▶ [Your assignment]: For this exercise, repeat exactly the lines below starting at the line holding "Kaitaia Cabin |" and ending at the line holding "Caché Strapless Shirred", both included, with no extra lines and no pictures.

▶ [Available data]:
[Start of Attachment]
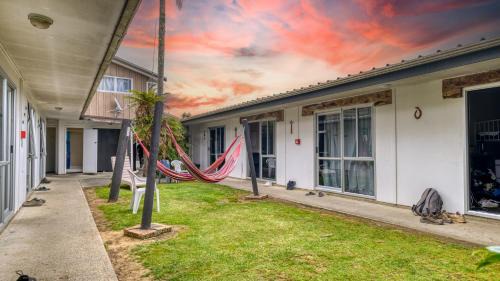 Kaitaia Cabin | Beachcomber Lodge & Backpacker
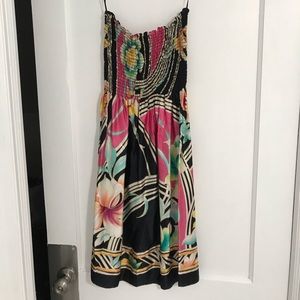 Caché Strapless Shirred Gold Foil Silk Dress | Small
[End of Attachment]
[Start of Attachment]
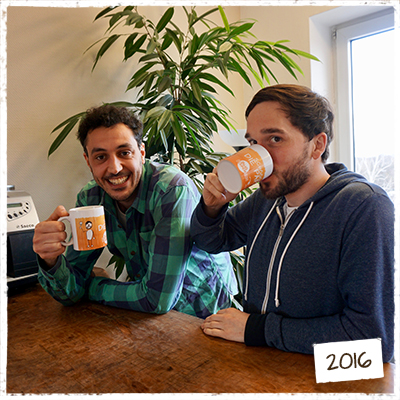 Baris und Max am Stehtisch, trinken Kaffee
[End of Attachment]
[Start of Attachment]
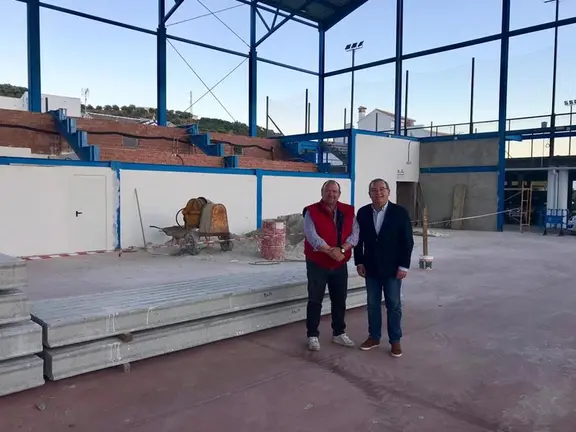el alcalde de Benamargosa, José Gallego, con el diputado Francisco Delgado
[End of Attachment]
▶ [Answer box]:
 Kaitaia Cabin | Beachcomber Lodge & Backpacker
 Caché Strapless Shirred Gold Foil Silk Dress | Small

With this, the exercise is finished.